1. Using Under painting or Fast-Drying White to Enable Over-Laying
One thing that has dissuaded some oil painters from using this medium is that when you add a layer of paint on top of another, they tend to intermix. For example, it is hard to add snow on top of a blocked in mountain while the first layer is still wet.
2. The Thin Line Enigma in Oil Painting
Most, if not all, oil artists have been frustrated trying to achieve thin lines with oil paint, especially when the paint is still wet, because of the fatty vegetable oils which tend to not dilute well (water-soluble mediums are more cooperative in this regard). Even signing a painting is not that easy if the signature is small. One way to achieve thin lines is to wait until the paint dries before depicting them. Here are some methods:
- You can use a business card and tap them into the painting.
- Believe it or not, if the lines are very thin you can use acrylics on top of the dry oils.
- I discovered another innovative technique — stick oil pastels. Normally these don’t dry, but if you add a thin layer of Liquin first, the hardening process will take place. This will really help you add all the thin tree twigs, barbed wire, and telephone wire.
3. Toning Your Canvas
If you ever visit a top gallery and see a painting close up, you will see little specs of broken paint that expose a warm burnt sienna underpainting. This has the following advantages:
- The white background will make it harder to judge values.
- During plein air if your canvas is tilted toward the sun, the glare will be too bright to judge values properly. You don’t want to wear sunglasses, as this will distort your colors.
- It is practically impossible to totally cover every area of a painting during a spontaneous, quick procedure. As a result, if you work on a white canvas, these little specs can show through.
- Paint is not 100 percent opaque, so the warm glow of a toned canvas can influence the general feeling. To control the painting from being too warm, such as in fall scenes, you can resort to the background being toned in a cool color.
- The orange specs that would show through when depicting foliage would come across as a bundle of dry leaves that will help break the monotony of monochromatic greens.
4. Conveying Volume with Thick Paste
One big advantage of acrylics and oils is that you can build up thick impasto that will help convey a three-dimensional look. Other media such as watercolor and pastels lack this quality. My advice is to apply thick paint in the foreground and gradually go thinner with the paint as the planes recede, leaving just a thin layer in the most distant background. Add blobs of paint on tree trunks, rocks, flowers and protruding leaf clusters.
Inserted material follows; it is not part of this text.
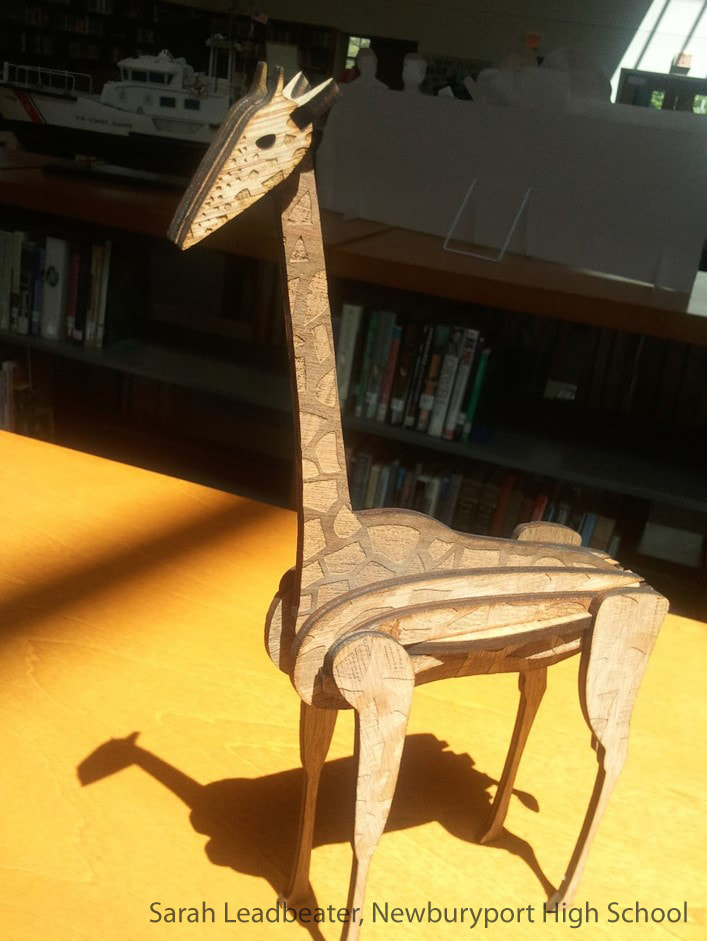 Wooden giraffe sculpture with intricate carved patterns on yellow surface indoors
5. Dry Brush to Create Texture
Indicate clumps of leaves, clusters of grass, and water foam in crashing waves and waterfalls using the “dry brush” technique. Dry brushing is a term used to relate to skipping the brush and allowing the paint to peel off. Graze the brush, holding it horizontally, and tickle the bottom surface while dragging it in different directions. This method will make wood look weathered, produce an array of small leaves, make water foam look bubbly and add weeds to grass.